For both union leaders, the bill is a vast improvement over the version introduced by Delegate Amanda Pasdon, R-Monongalia, at the start of the 2015 Legislative session. Teachers, education officials and lawmakers from both sides of the aisle argued the bill in its original form would have allowed county school boards to hire an uncertified candidate over a qualified teacher.
That, and many other issues, were worked out during the amendment process, and while union leaders still aren’t satisfied, they say they can work with the bill.
“It’s much better,” Campbell said. “Those amendments, to me, ensure we are maintaining a standard of quality.”
In addition to limiting non-education professionals to teaching only in critical need areas, the bill also requires candidates to commit to professional development in areas like classroom management and curriculum development.
Supporters of alternative certification say the bill creates new opportunities by bringing untapped talent into the classroom.
“This will go a long way in addressing the ongoing challenges of filling the vast number of teaching vacancies across West Virginia,” Pasdon said Friday in a statement. “Most importantly, this will directly benefit the 280,000 children depending on us to make the best choices for them, so they can have a strong educational foundation to prepare them for the future.”
Teachers union leaders, however, see the bill as a slight to their profession.

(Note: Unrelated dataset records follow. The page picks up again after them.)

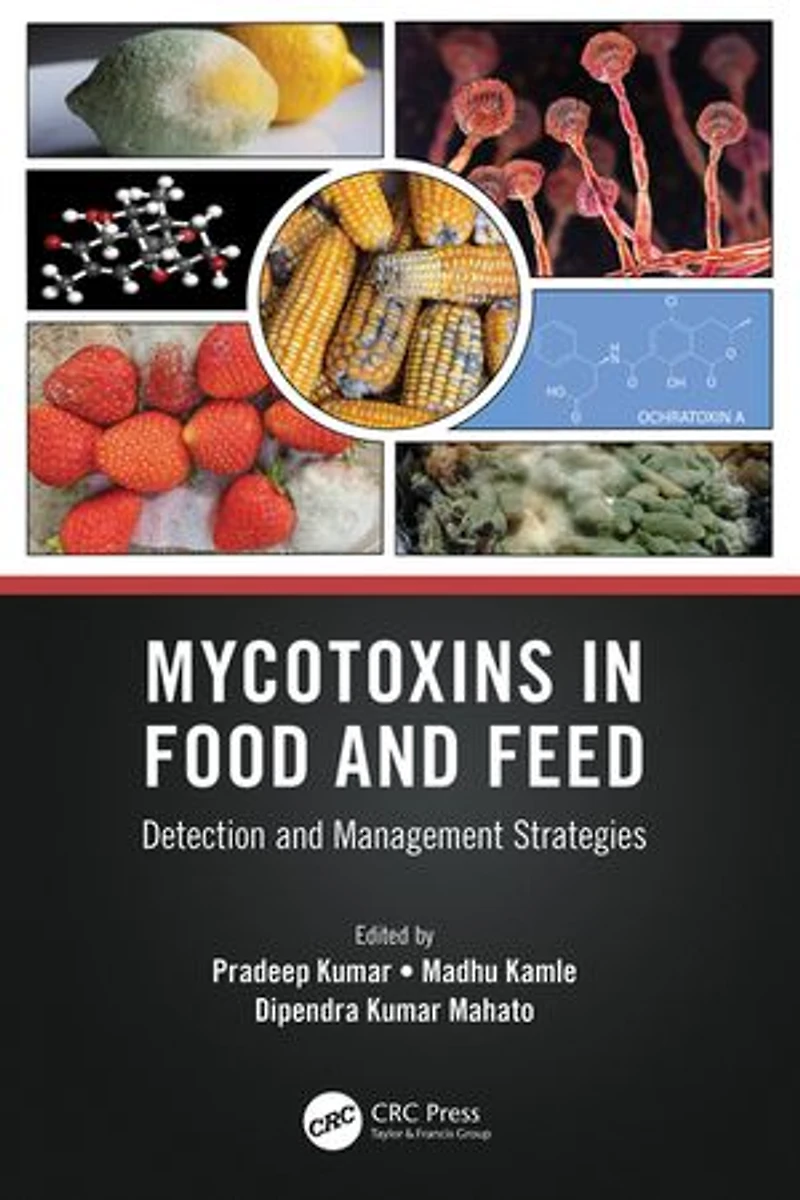 Mycotoxins Food and Feed: Detection Management Strategies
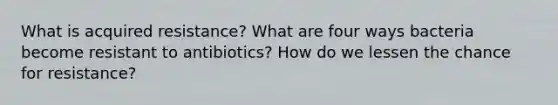 What is acquired resistance? What are four ways bacteria become resistant to antibiotics? How do we lessen the chance for resistance?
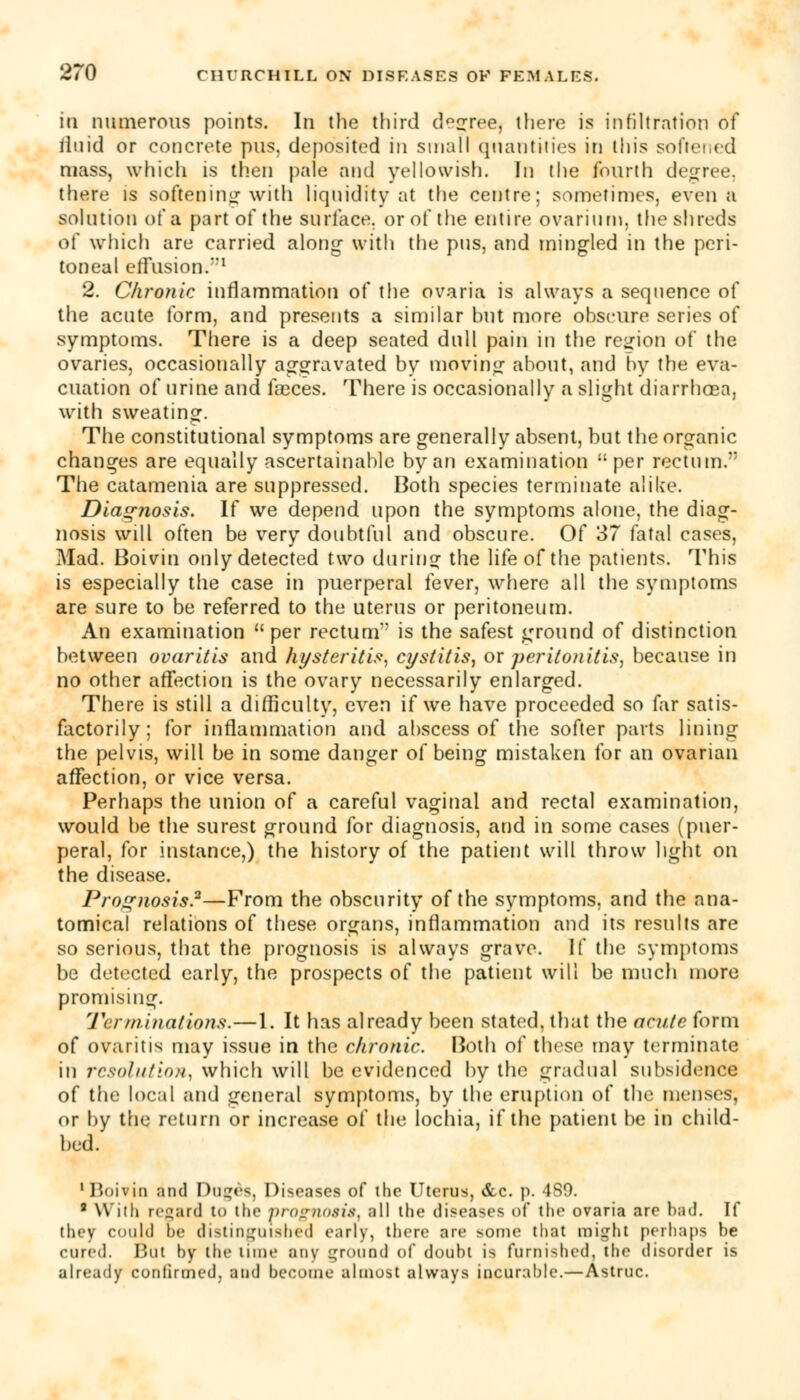 in numerous points. In the third decree, there is infiltration of iluid or concrete pus, deposited in small quantities in this softened mass, which is then pale and yellowish. In the fourth degree, there is softening with liquidity at the centre; sometimes, even a solution of a part of the surface, or of the entire ovarium, the shreds of which are carried along with the pus, and mingled in the peri- toneal effusion.1 2. Chronic inflammation of the ovaria is always a sequence of the acute form, and presents a similar hut more obscure series of symptoms. There is a deep seated dull pain in the region of the ovaries, occasionally aggravated by moving about, and by the eva- cuation of urine and faeces. There is occasionally a slight diarrhoea, with sweating. The constitutional symptoms are generally absent, but the organic changes are equally ascertainable by an examination per rectum. The catamenia are suppressed. Both species terminate alike. Diagnosis. If we depend upon the symptoms alone, the diag- nosis will often be very doubtful and obscure. Of 37 fatal cases, Mad. Boivin only detected two during the life of the patients. This is especially the case in puerperal fever, where all the symptoms are sure to be referred to the uterus or peritoneum. An examination per rectum' is the safest ground of distinction between ovaritis and hysteritis, cystitis, or peritonitis, because in no other affection is the ovary necessarily enlarged. There is still a difficulty, even if we have proceeded so far satis- factorily; for inflammation and abscess of the softer parts lining the pelvis, will be in some danger of being mistaken for an ovarian affection, or vice versa. Perhaps the union of a careful vaginal and rectal examination, would be the surest ground for diagnosis, and in some cases (puer- peral, for instance,) the history of the patient will throw light on the disease. Prognosis.2—From the obscurity of the symptoms, and the ana- tomical relations of these organs, inflammation and its results are so serious, that the prognosis is always grave. If the symptoms be detected early, the prospects of the patient will be much more promising. Tcr ruinations.—1. It has already been stated, that the acute form of ovaritis may issue in the chronic. Both of these may terminate in resolution, which will be evidenced by the gradual subsidence of the local and general symptoms, by the eruption of the menses, or by the return or increase of the lochia, if the patient be in child- bed. 'Boivin and Dugds, Diseases of the Uterus, &c. p. 489. 8 Willi regard lo the progfl09ist all the diseases of the ovaria are had. If they could he distinguished early, there rue some that might perhaps be cured. Hut hy the Hint' any ground of doubt is furnished, the disorder is already confirmed, and become almost always incurable.—Astruc.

“The most important factor in a student’s education is having a high quality teacher in front of them,” Lee said. “Reducing standards and qualifications for teachers is not the solution.”
When asked if allowing alternatively certified teachers into West Virginia’s classrooms will benefit the state, its students and its teachers, Campbell only said the bill is good for counties that have a hard time filling vacancies.
“Do we want to keep the best people here, or do we just want to stick someone in the classroom,” Campbell went on to say. “That’s something the Legislature needs to seriously consider and address.”
For at least five years, teachers unions have lobbied for increased salaries that would incrementally raise pay $10,000 over a period of four to five years.
The average salary for first-year teachers in West Virginia is about $33,000, which is about $1,000 to $11,000 less than average first-year salaries in neighboring states.